In your copy, leave out the pictures and output only the lines from the one holding "Patchwork Cooles geometrisches" through the end of the data below, exactly.

» RECORDED DATA
------------------------------------------------
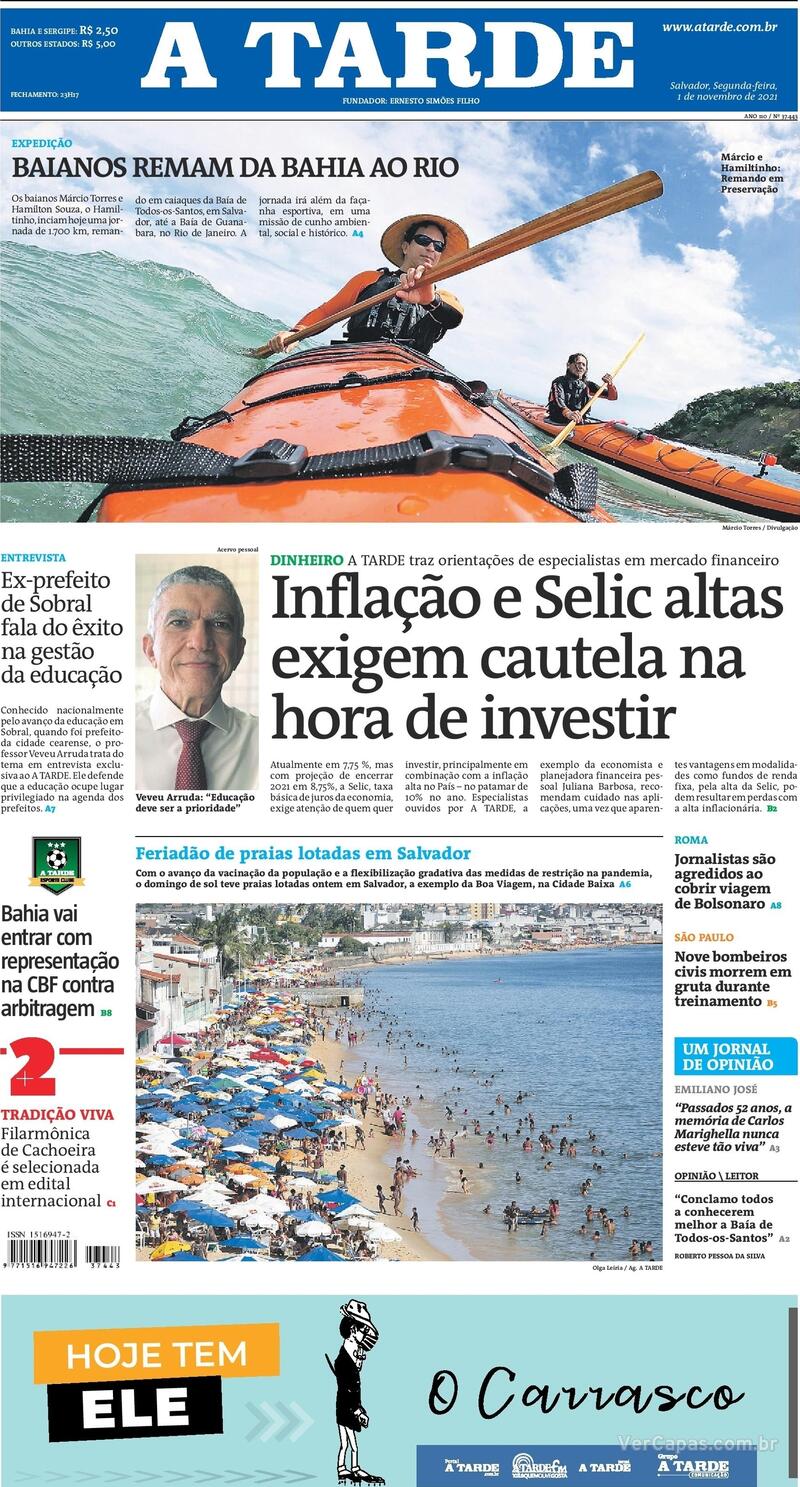 Capa do jornal A Tarde 01/11/2021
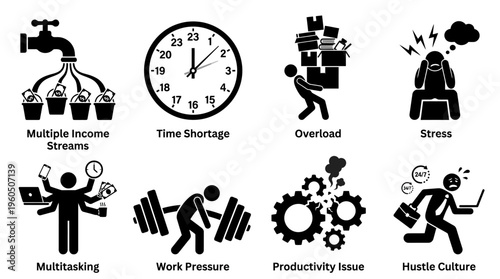 Burnout & Work-Life Imbalance Vector Icon Set – Bold Vectors Featuring Overload, Stress, Time Pressure, Mental Fatigue, Productivity Strain, and Exhaustion from Digital Demands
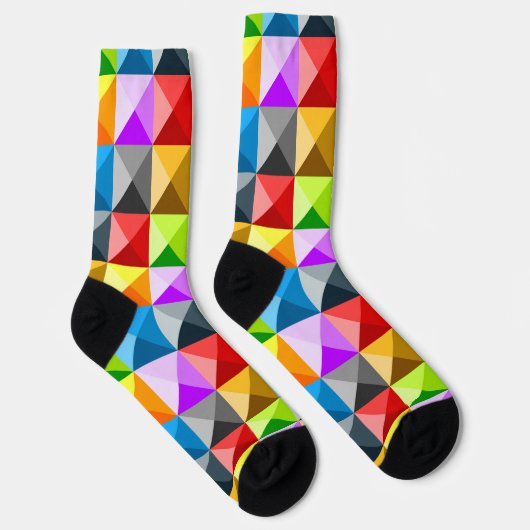 Patchwork Cooles geometrisches Dreieck Socken (Rechts)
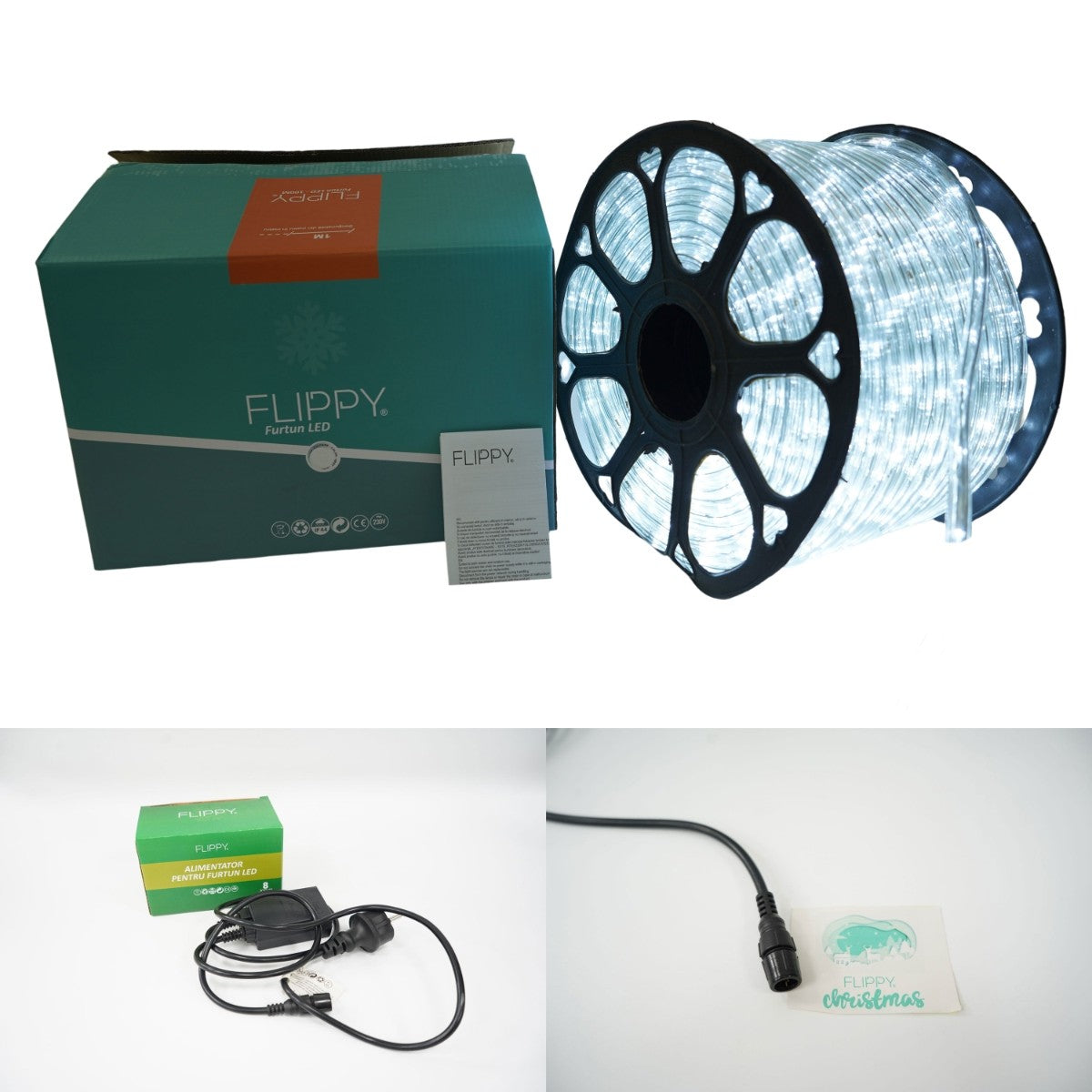 Instalatie Craciun, 30 m, 720 Led-uri, Furtun Luminos, Alb rece, Transformator, 8 jocuri de lumini, Sectionabila, 220 V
------------------------------------------------
» REPLY
 Patchwork Cooles geometrisches Dreieck Socken (Rechts)
 Instalatie Craciun, 30 m, 720 Led-uri, Furtun Luminos, Alb rece, Transformator, 8 jocuri de lumini, Sectionabila, 220 V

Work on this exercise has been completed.